Der Juni-Radiotatort wirkt weitaus realistischer als der Tatort aus dem Mai. Das liegt in erster Linie daran, dass der Tatort außerhalb von Opergebäuden spielt und eher bodenständige Settings hat, die sich auch in einem Hörspiel gut darstellen lassen.

Auffallend ist in erster Linie der schüchterne und verunsicherte Staatsanwalt Gröninger. Er scheint Aufmerksamkeit nicht gewohnt zu sein. Katharina Pleve, die Tochter der Toten, kann ihn leicht um den Finger wickeln. Er stößt die Ermittlungen erst wirklich an, obwohl das nicht in seinem Kompetenzbereich liegt. Dabei deutet zunächst alles auf den Bruder als Mörder, was in Krimis in der Regel ja ein Zeichen dafür ist, dass der Bruder unschuldig ist.

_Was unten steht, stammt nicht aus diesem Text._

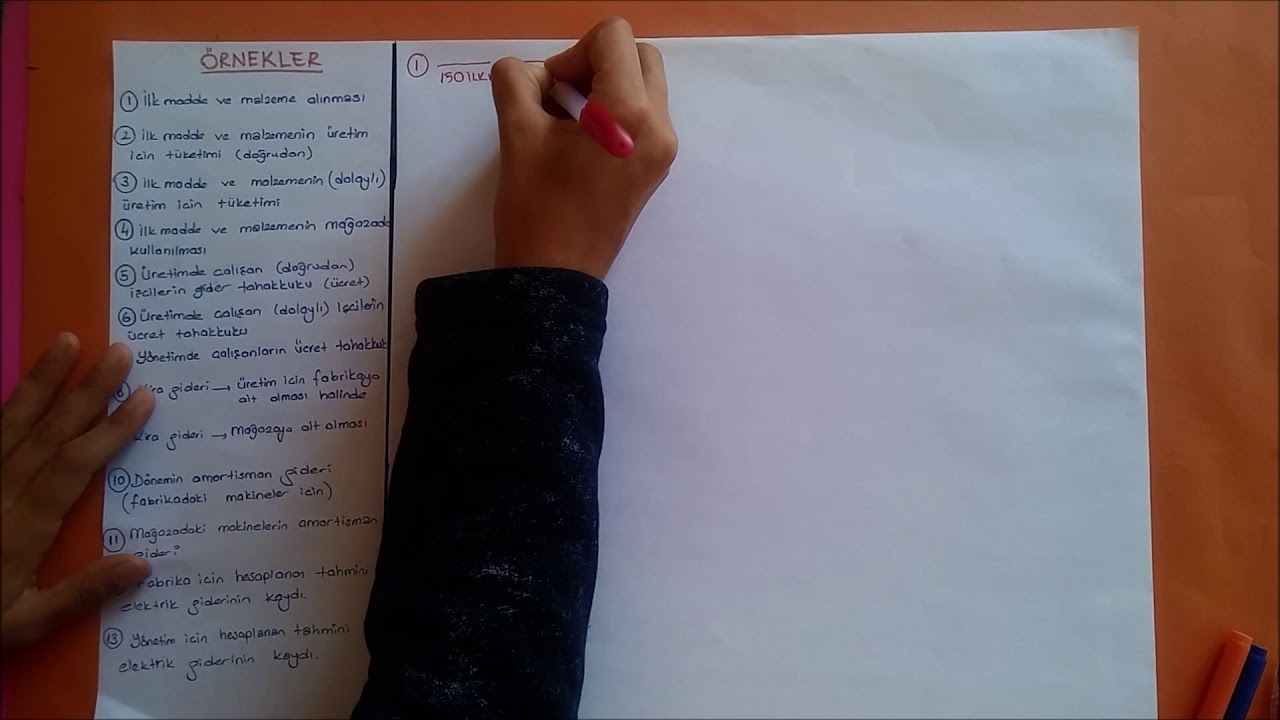 5) Giderlerin kaydına ilişkin örnek muhasebe kayıtları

Tatsächlich wartet der Radiotatort mit einer beinahe unvorhergesehenen Wendung auf. Doch das Gelungenste an dem Hörspiel ist, dass man die Position der drei Hauptakteure Gröninger und der Geschwister Pleve nie genau einschätzen kann. Zunächst wirkt alles klar, werden Gröninger und Katharina Pleve doch als intelligente, gebildete Menschen dagestellt, die über Rechtsfälle diskutieren. Im Verlauf des Hörspiels werden jedoch für beide Charaktere Zweifel an ihrer Integrität aufgebaut. Katharina Pleve entwickelt sich zur eifersüchtigen und rachsüchtigen Stalkerin, während es zuletzt gar so aussieht, als hätte der brave Gröninger Katharina Pleve etwas angetan.

Gerade das ungeschickte Verhalten des eigentlich so integren Staatsanwalt Gröninger macht das Hörspiel etwas spannend. Dabei ist die Betroffenheit, die Kommissarin Evernich befällt, als Gröninger ins Visier der Ermittlungen gerät, sehr gut inszeniert. Sie scheint an seine Unschuld zu glauben, muss aber Fakten veröffentlichen, die ihn belasten. Das macht ihr zu schaffen und das wird in dem Stück gut vermittelt.

Die Auflösung ist sowohl gut als auch schlecht. Gut, weil die Motive Katharina Pleves aufgeklärt werden. Das geschieht sogar auf etwas überraschende Art und Weise. Schlecht ist das Ende, weil nicht genau geklärt wird, ob es sich bei dem „Grundfall“ nun um Mord handelte oder nicht. Dafür fehlte dem Hörspiel vermutlich einfach die Zeit. Es ist zwar schön, dass man zum Schluss noch etwas spekulieren kann, schöner wäre es aber, dass Hörspiel wäre zu einem kompletten Ende gebracht worden.

Noch kann man sich den Juni-Radiotatort auf der ARD-Seite herunterladen.